Kenya has sought the Debt Service Suspension Initiative (DSSI) extension to June 2022, a one-year extension from the earlier granted June 30, 2021, debt service suspension secured in January.
Besides the relief under the DSSI, the country is also pursuing new limits access to IMF funds through the reallocation of existing special drawing rights and the allocation of new special drawing rights. Such will allow faster access of disbursements from the IMF Rapid Credit facility and the Rapid Finance Instrument, granted to countries facing urgent balance of payments needs.
These developments come only a few days before the IMF decides on Kenya’s $2.4 billion loan request to buffet the country’s response to the COVID-19, which have shrunk revenues. CBK governor Patrick Njoroge said the IMF Board would decide on the loan on April 2, with the first tranche of $314 million expected next week. In May 2020, the IMF issued Kenya a $739 interest-free loan to cushion the country against the pandemic’s shocks.

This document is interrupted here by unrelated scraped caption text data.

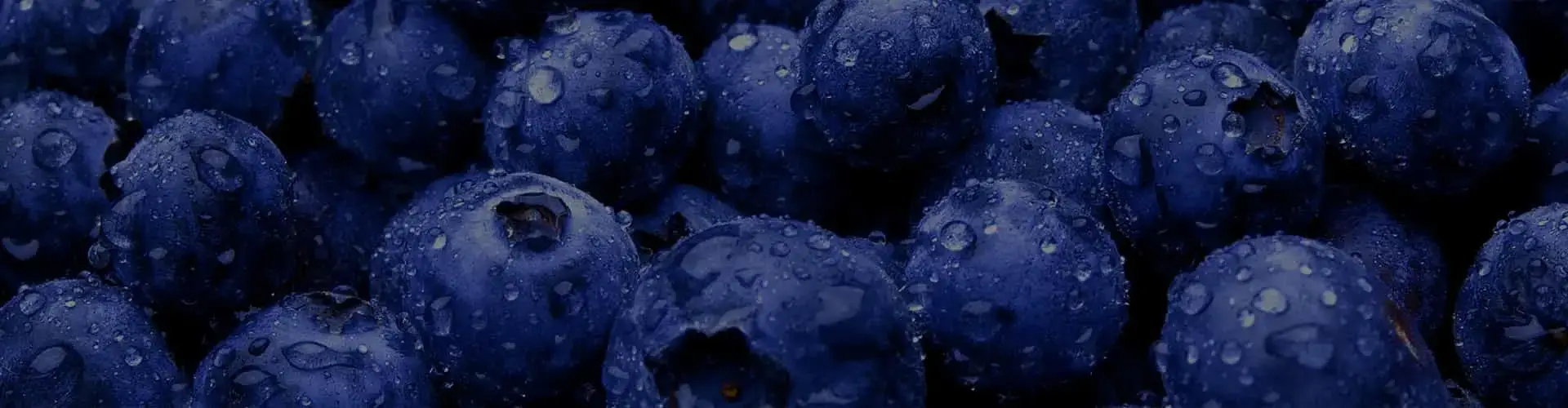 Berries & Blueberry image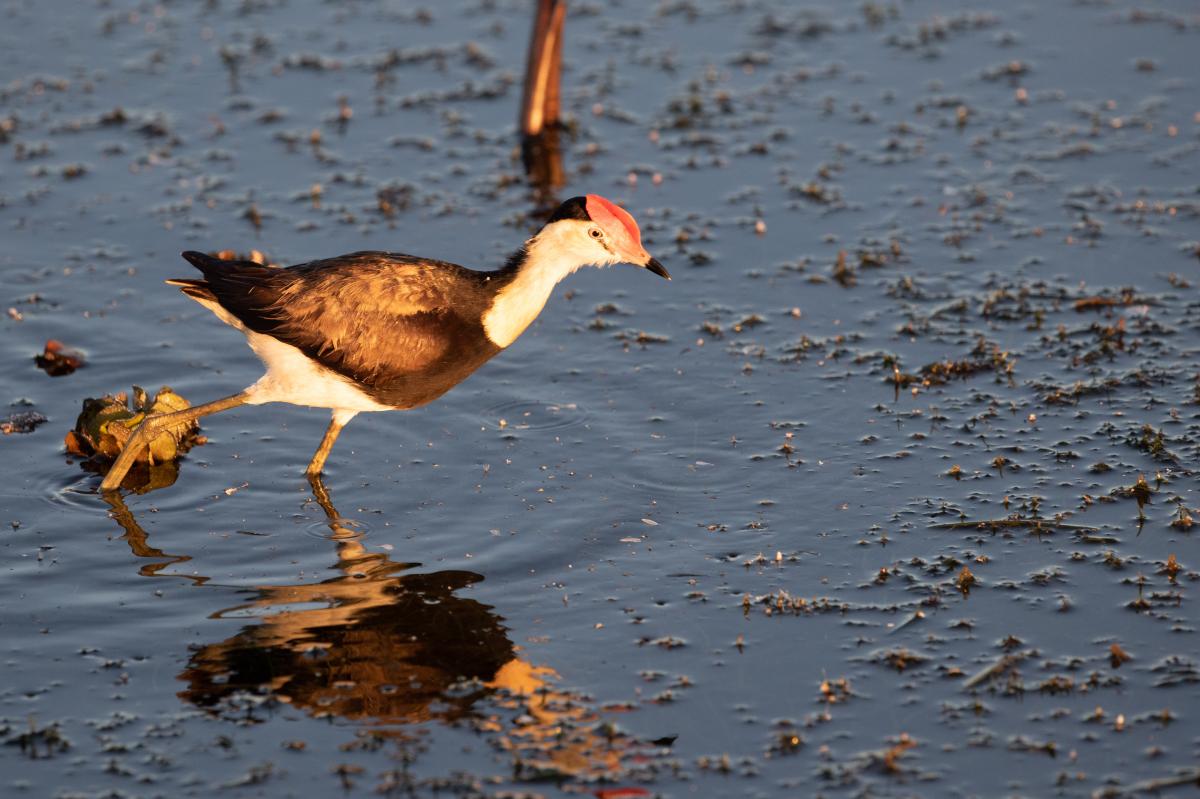 Comb-crested jacana (Irediparra gallinacea)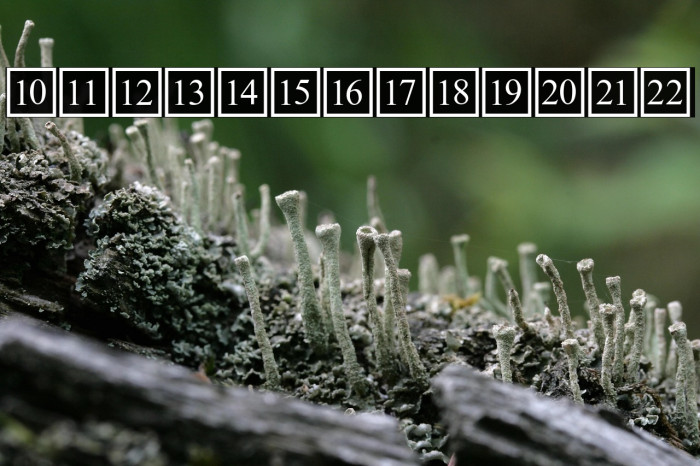 CD Numbers Example 3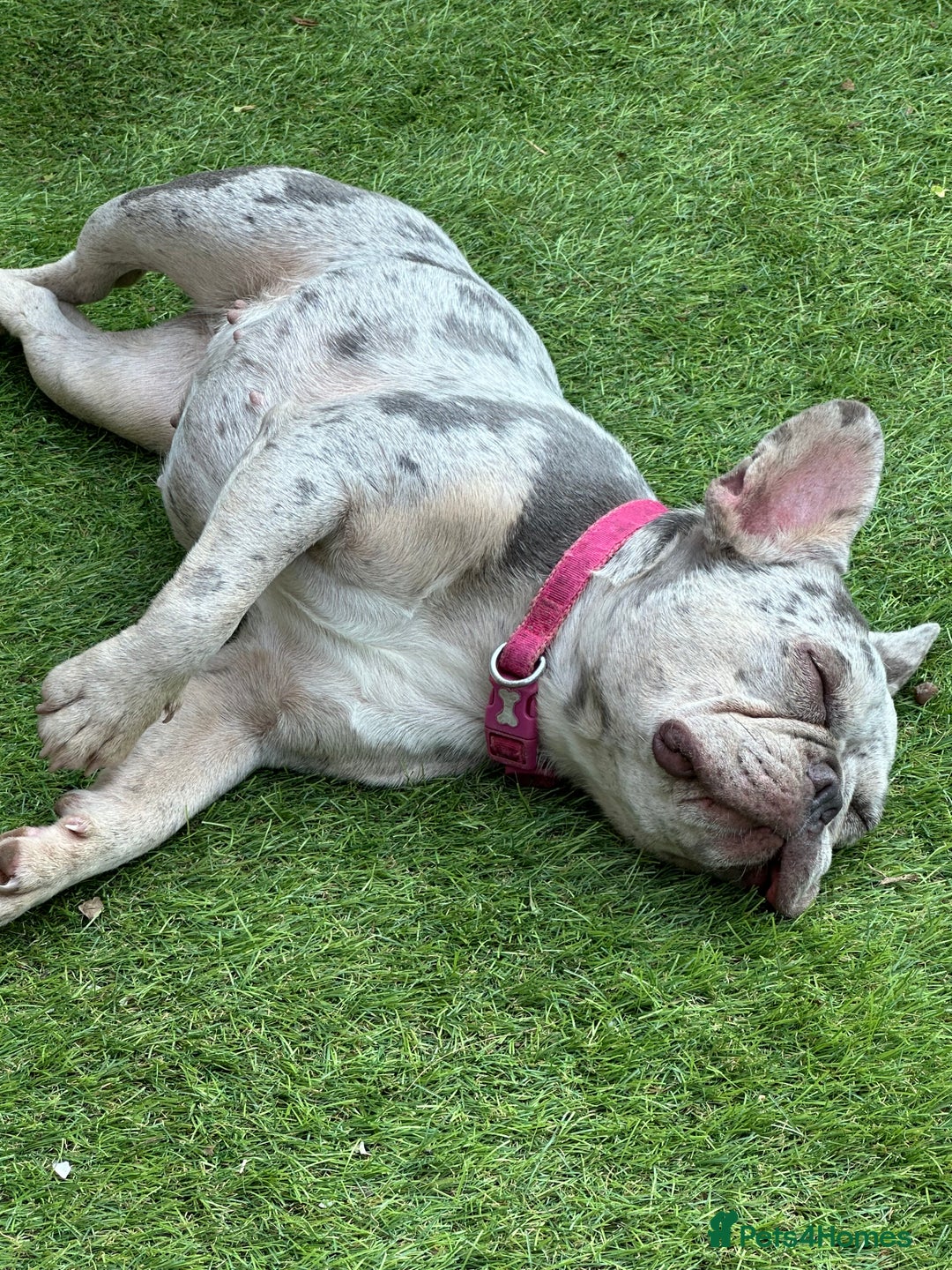French Bulldog dogs for sale: Merle French bulldog - Image 2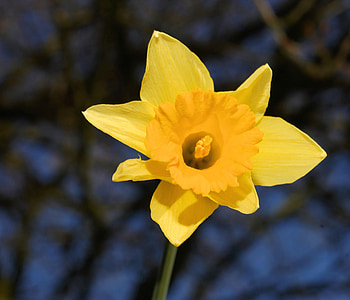 Narciso, Narciso, amarillo, primavera, flor, floración, flor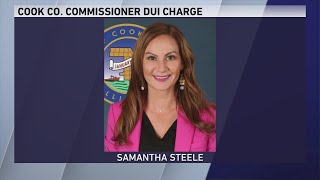 Cook County Board of Review commissioner charged with drunk driving [upl. by Cadman]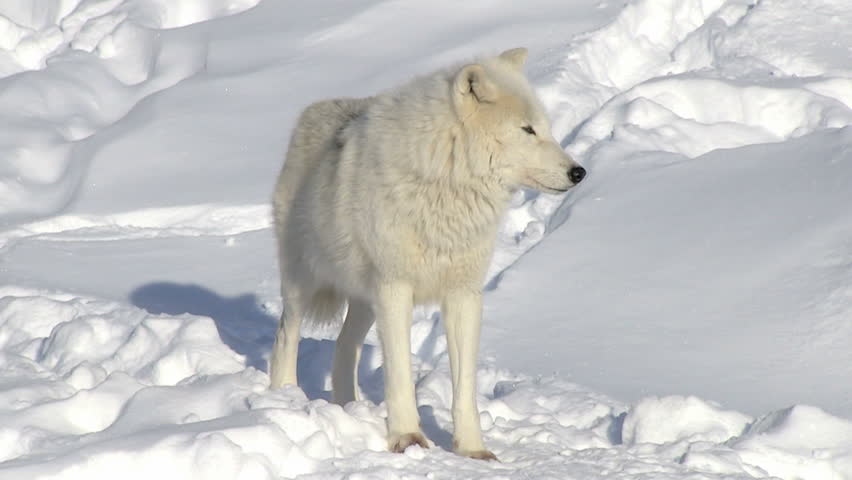 Arctic wolf with scars standing and looking at the camera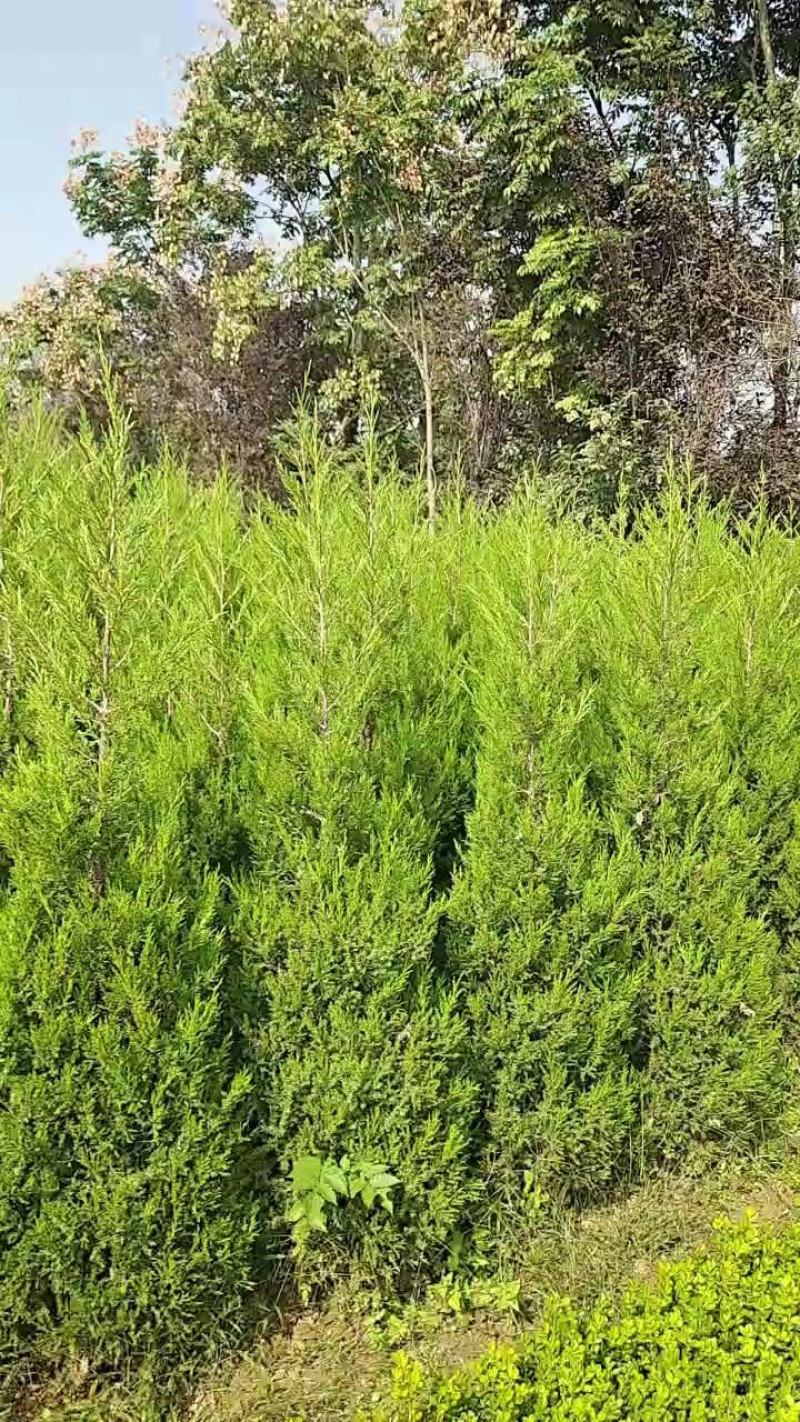 优质塔柏蜀桧常青树规格50~500公分高批零上市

With a bulk of payments of debt payments due in the current year, Kenya is pursuing a $1.24 billion Eurobond by June 2020 as part f the treasury’s planned debt restructuring. Its return to the Eurobond market is against the terms of the Debt Service Suspension Initiative, which include a break from external commercial financing unless exempted.
Earlier, Fitch rating rated the country’s Long-Term Foreign-Currency Issuer Default Rating at B+ with a negative outlook, with positives like a favourable government debt structure, a strong growth track record and relative macroeconomic stability balanced against negatives of rising public debt, high net indebtedness and below “B” range medians GDP per Capita and governance indicators.